Page 1 of 2 12 LastLast
Results 1 to 15 of 19
  1. #1
    Join Date
    Jan 2004
    Posts
    7

    database design newbie question

    Disclaimer: I apologize if I have a lack of understanding, as I only have book-learned experience in databasing. With that being said....

    I am on a team to re-design a database. The database contains information about a test plan (testing hardware and software). There is one feature of the current database that I find rather undesirable as far as database design is concerned, and I want to change it. Problem is, I don't know the best way to do so.

    There is currently a table (subtest) which has standard fields such as the subtest description, and subtest id, but it also has fields for the project that the subtest is applicable to. This ends up looking something like so:

    id ------- desc ----- etc ----- program1 ----- program2 -----program3 ............ programX
    001 ----- blah -------- blah -------- yes ------- no ------- yes .......................
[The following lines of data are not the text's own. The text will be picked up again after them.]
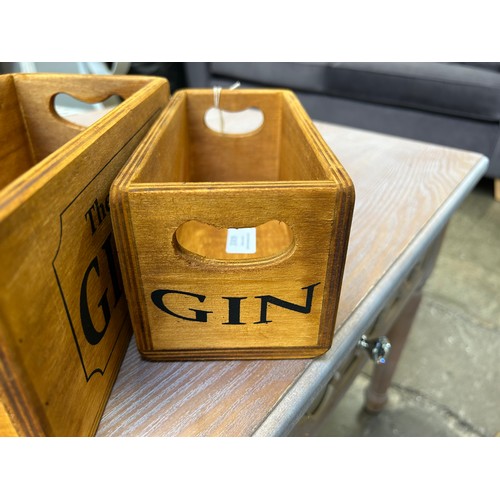 3042 - A set of 5 waxed gin graduated boxes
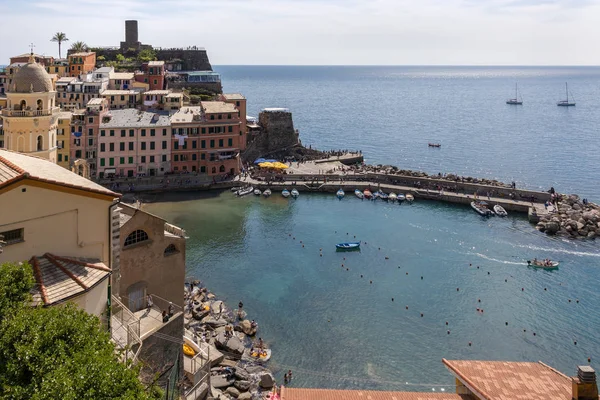 VERNAZZA, LIGURIA / ITÁLIA - ABRIL 20: Vista costeira de Vernazza L — Fotografia de Stock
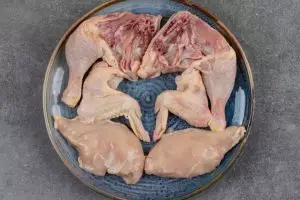 Ingin ayam bebas bau amis tanpa direndam cuka? Marinasi dengan 1 rempah dapur ini biar makin sedap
    These fields right now keep getting added on with each new incoming program. Eventually, I see this getting out of hand. Additionally, as it is now, whenever a new program field is introduced, someone must manually go in and check off which subtests are "applicable" to that new program.

    I assume it would make more sense (database design wise) to take those program fields out, consider the "program" attribute of the "subtest" entity to be a multivariable attribute, and make a single table containing subtest id, and the applicable programs....like so:

    id program_name
    001 program1
    001 program3



    But with around 5000 subtests, this seems like the above table could get very long, and very difficult to read.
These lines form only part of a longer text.